What are we Calling this Shabbat?

By Steve Kerbel

I’m a Jewish professional who is the son of a Jewish professional. I’ve worked in day schools, congregational schools, residential camps and youth groups. I’m Jewishly engaged. I’m a regular synagogue attendee. I usually arrive early. It was great to see the crowds last Shabbat. My suburban Maryland congregation which would normally have had 600 worshippers for the b’nai mitzvah last Shabbat doubled to nearly 1200 people (and there was enough food at Kiddush). It felt good to see so many people in synagogue. So what are we calling this coming Shabbat? Where will all of those well-wishers, infrequent attendees and non-Jewish solidarity show-ers be this week?

I won’t be in my home synagogue this week, but that’s because the nature of my work as a consultant to communities and congregations has me traveling a lot on weekends, but I will be in shul somewhere. What do we do with our well-intentioned solidarity after Solidarity Shabbat? How do we turn a gesture in to a habit of solidarity and support?

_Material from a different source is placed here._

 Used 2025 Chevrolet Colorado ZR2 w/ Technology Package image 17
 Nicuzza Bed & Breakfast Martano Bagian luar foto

I was asked to lead the preliminary service (most often led by lay people in our congregation) last Shabbat. I’m not always in synagogue for the first pitch, but I rarely arrive after the first inning. While being asked to lead the congregation in prayer is an honor, I’ve been thinking about whether last week it was also an act of defiance, sort of a “Here I am domestic terrorist, Jew hater! I’m on the bima and I’m making myself a target.” I’m here, sanctifying time, making Shabbat distinct, trying to do my best to lead my (much smaller at that hour) congregation in prayer. You want to find a Jew? Here’s one. I wasn’t afraid. I’m not sure at the time I even registered a sense of being threatened (though I’m pretty sure I didn’t).

I wear a kippah all of the time so I’m used to getting questions about it, or in the last week, comments of support and questions (particularly this week from African Americans with whom I’m not acquainted) about how it feels to be singled out as a hated minority, even if we look like everyone else. As a student and teacher of history, Antisemitism is a not at all a new phenomenon for me, but it seems to have become a subject of national awareness after 11 people were murdered on October 27, 2018. We had our feel-good Solidarity Shabbat – we #showedupforShabbat – what are we going to do now?

I’m going to teach. I’m going to engage with members of the broader community. I’m going to seek out and participate in conversations about pluralism in America and why the Jewish voice is an important one. Then on Shabbat, I’m going back to shul.

Steve Kerbel is a Jewish Educator in the Greater Washington, DC area, in an educational consultant and serves as National President of the Jewish Educators Assembly.